KUALA LUMPUR: The implementation of a 10 per cent sales tax on low-value goods (LVG) costing RM500 and below sold online would allow local businesses to market their products of the same quality at an even selling price, thus boosting consumer demand.
Putra Business School economic analyst Assoc Prof Dr Ahmed Razman Abdul Latiff said the tax, which would start on Jan 1 next year, would allow for the stabilisation of price between imported and local goods as imported LVG are currently not subjected to any tax whilst a six per cent sales and service tax (SST) is imposed on locally produced items, resulting in them being sidelined by consumers.
“If there are identical goods in terms of function and utility produced by local and foreign manufacturers, the production costs will undoubtedly be more or less the same, resulting in the same selling price but the six per cent SST will make local goods more expensive,” he told Bernama.

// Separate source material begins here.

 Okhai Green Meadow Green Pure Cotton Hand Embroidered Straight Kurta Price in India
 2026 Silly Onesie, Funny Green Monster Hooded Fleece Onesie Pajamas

He said the introduction of the 10 per cent LVG tax would make local goods appear more affordable and attract demand.
“This tax is only imposed on goods valued at less than RM500, so even though the tax rate is 10 per cent, it is not burdensome as it applies only to low-value items,” he said.
On Dec 18, the Ministry of Finance announced that a 10 per cent tax would be imposed on imported LVG sold online to level the playing field for businesses in Malaysia, especially micro, small and medium-sized enterprises (MSMEs).
According to MoF, while there is a common global practice not to impose sales tax and import duty on imports below a “de minimis” (minimal) value, which was set at RM500 for Malaysia, to facilitate ease of customs clearance for postal and courier shipments, the proliferation of online retail had created an unfair advantage for online businesses selling directly to Malaysian consumers compared to physical retail businesses in Malaysia.
Razman said the tax would not only help local businesses to step up their sales which in turn could lead to more job opportunities creation and a better sustained domestic economy but also increase the government income as well as strengthen the ringgit via the reduction of overseas cash flow.
Meanwhile, EMIR Research head of social, law and human rights Jason Loh Seong Wei said the increase in revenue or earnings of local SMEs could potentially push their taxable income to a higher bracket, which equates to more tax intake for the government, depending on the tax’s elasticity.
“The imposition of the LVG tax at 10 per cent represents an additional RM1 to the purchase price of the imported good of RM10 which represents up to 4.7 per cent in terms of real purchase value when taking into account the conversion costs,” he said.
Loh said eroding purchasing power and expenditure capacity of consumers would also encourage the switch to domestically available items.
He said the implementation of LVG tax is a strategic move to widen the tax base without impacting the lower income groups as it involved the direct purchase of imported items online from foreign sellers.
“Any hike in the overall prices of the imported items is self-limited and wouldn’t spill over into the rest of the economy, have an inflationary knock-on impact.
However, Universiti Utara Malaysia senior finance lecturer Dr Adilah Azhari said the tax would unavoidably affect some online sellers like those on Shopee who primarily sell imported goods.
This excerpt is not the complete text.